И он всеми помыслами устремился к тому, что ему предстояло сделать сегодня. Были дела приятные — принять меры к реализации всего, чего он добился в Москве. Затем — разговор с Диденко и, возможно, в райкоме с Раскатовым. Это менее приятно. А может быть, начать с поездки в Смольный, к секретарю гор­кома партии?

Поезд подходил к Ленинграду, пересекая зону мерт­вой земли — места длительных боев Отечественной вой­ны, где все еще виднелись засыпанные, размытые дож­дями блиндажи, зияющие дыры ходов сообщения, рва­ные клочья колючей проволоки.
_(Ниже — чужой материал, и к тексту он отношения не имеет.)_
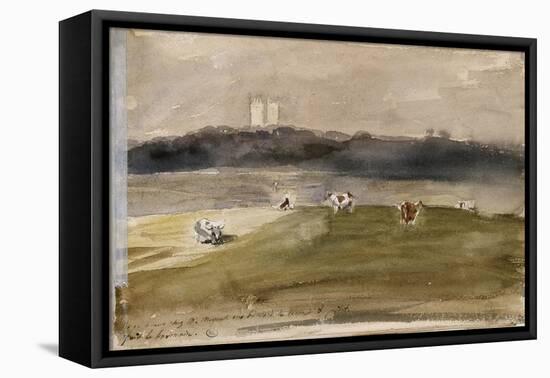 Album d'Angleterre. Paysage dans la campagne anglaise, avec vaches dans un champ. 8/9 juillet 1825-Eugene Delacroix-Framed Premier Image Canvas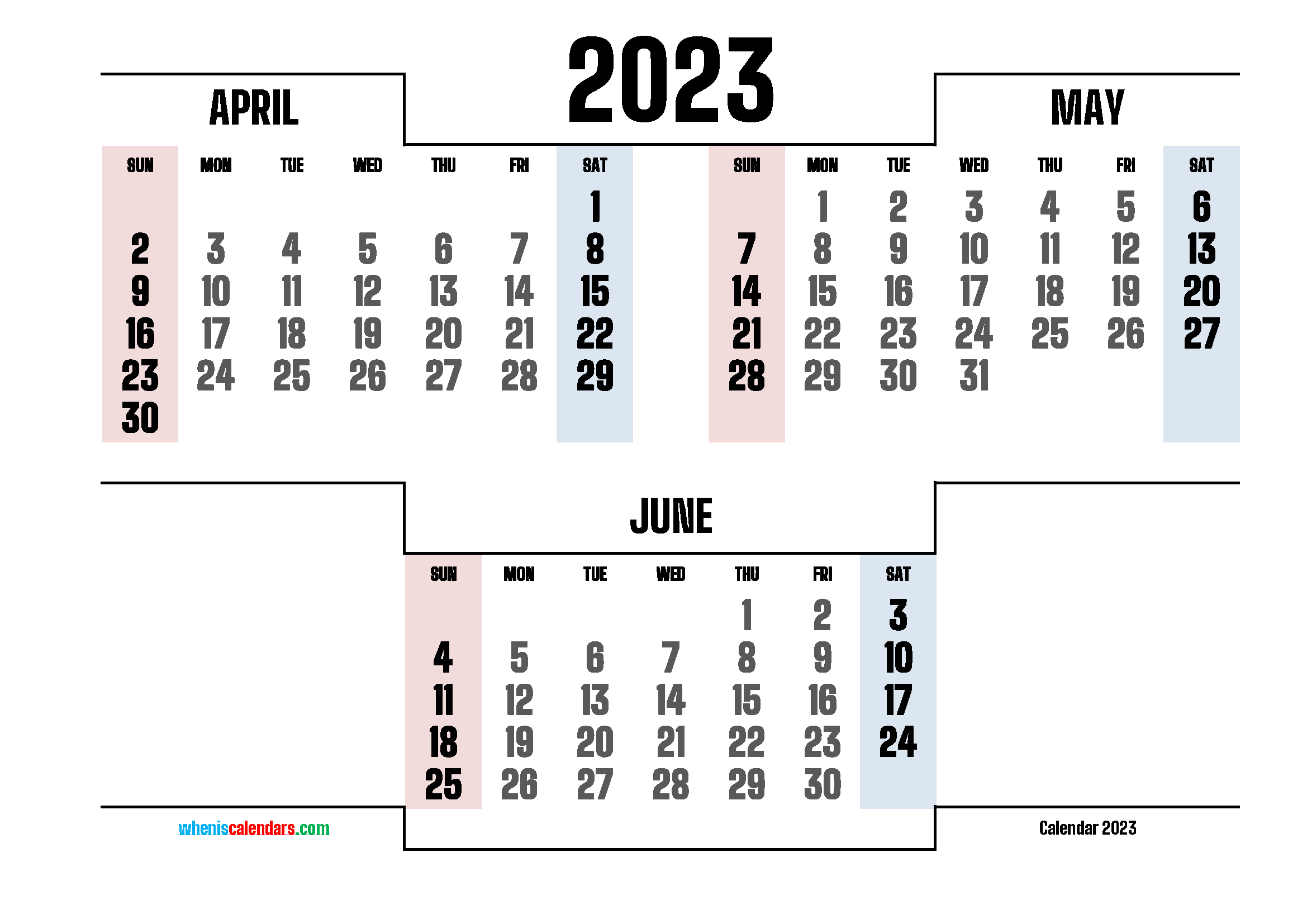 April May June 2023 Three Month Calendar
Во всей этой зоне де­ревья были срублены, сожжены, сметены снарядами и бомбами. Но трава росла тут густо и сочно, и множество молоденьких ростков взметнулось рядом с обожженными пнями, и даже на искалеченных, обугленных стволах тут и там пробились зеленые веточки.

Промелькнули за окнами обновленные корпуса Ижорского завода, новые домики колпинского предме­стья, поля и строения пригородного совхоза — и уже пора было закрывать чемоданы да надевать пальто. Ленинград!

— Познакомьтесь, соседушка, с моими щебетуньями! Из-за спины генерала выглядывали обе молодые женщины.

— Жена очень хочет познакомиться с вами. У вас на заводе работает ее приятель, друг детства.

— Алеша Полозов, — сообщила она с гримаской. — Знаете такого?

— Как же, — сказал Григорий Петрович, хотя это имя не доставило ему ни малейшего удовольствия. —  Один из наших передовых инженеров.

— Да-а? — протянула Леля, и в ее красивых глазах вспыхнули насмешливые, а может быть и злые огонь­ки. — Он всегда был ужасный паинька!

— Вот уж не думал, — в тон ей ответил Немиров. — На заводе он ужасный забияка!

В памяти ожило собрание, дерзкая речь Полозова, жесткие определения Ефима Кузьмича, самокритика Диденко, каждым словом хлеставшая по нему — по Немирову, но так, что не придерешься... И Григорий Пет­рович, продолжая малозначащий разговор с генералом и его спутницами, принял твердое решение: первым де­лом, не заезжая на завод, созвониться с секретарем гор­кома партии и отправиться в Смольный.